- What this task involves -
In your output, repeat each entry exactly and include no pictures.

*** Data excerpts Section Begins ***

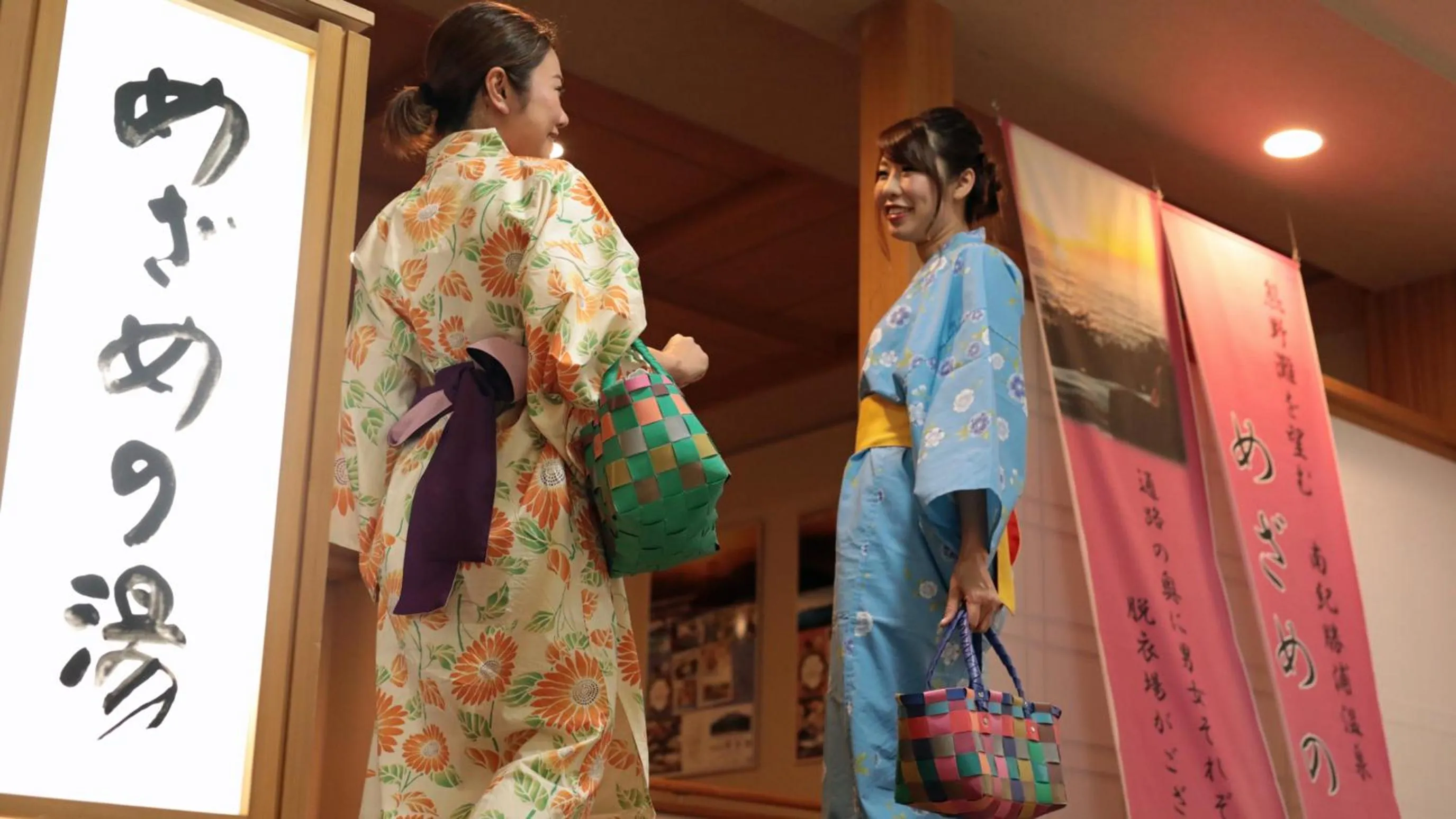 Kyukamura Nanki-Katsuura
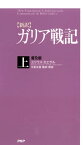 ［新訳］ガリア戦記・上＜普及版＞【電子書籍】[ ユリウス・カエサル ]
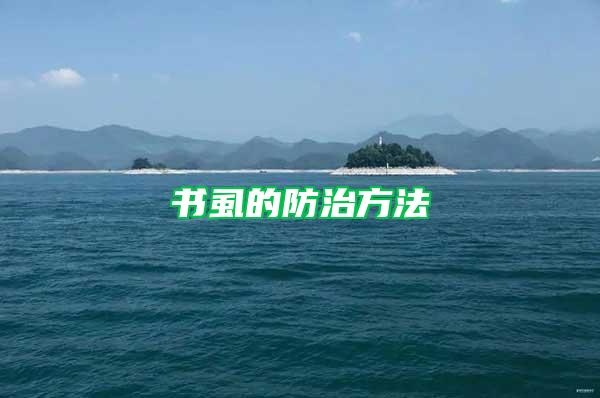 書(shū)虱的防治方法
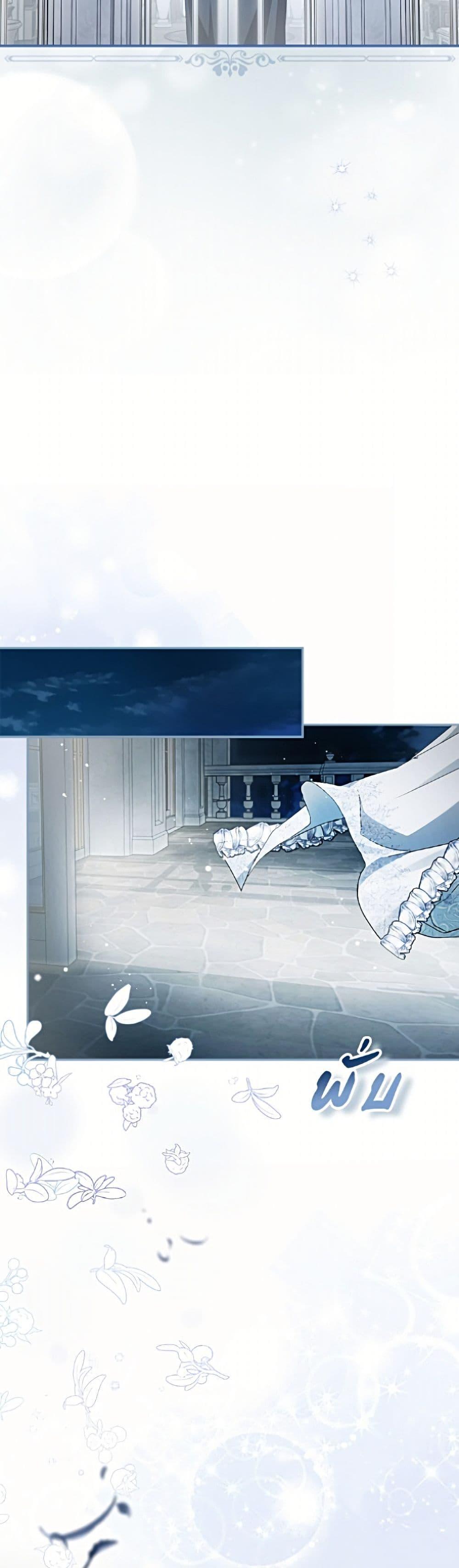 Manga-lc-com อ่านมังงะ อ่านการ์ตูน ออนไลน์ ฟรี An Extra Stole the Male Leads ตอนที่ 1 2 3 4 5 6 7 8 9 10 11 12 13 14 ฟรี ไม่มีโฆษณา Manga-lc - อ่าน มังงะ อ่าน การ์ตูน ออนไลน์ อ่านมังงะ ฟรี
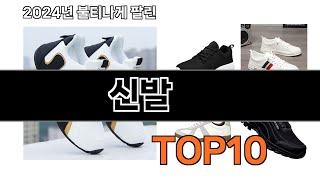 2024 가장 인기 있는 신발 추천 BEST10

*** Data excerpts Section Ends ***

- Output of the task -
 Kyukamura Nanki-Katsuura
 ［新訳］ガリア戦記・上＜普及版＞【電子書籍】[ ユリウス・カエサル ]
 書(shū)虱的防治方法
 Manga-lc-com อ่านมังงะ อ่านการ์ตูน ออนไลน์ ฟรี An Extra Stole the Male Leads ตอนที่ 1 2 3 4 5 6 7 8 9 10 11 12 13 14 ฟรี ไม่มีโฆษณา Manga-lc - อ่าน มังงะ อ่าน การ์ตูน ออนไลน์ อ่านมังงะ ฟรี
 2024 가장 인기 있는 신발 추천 BEST10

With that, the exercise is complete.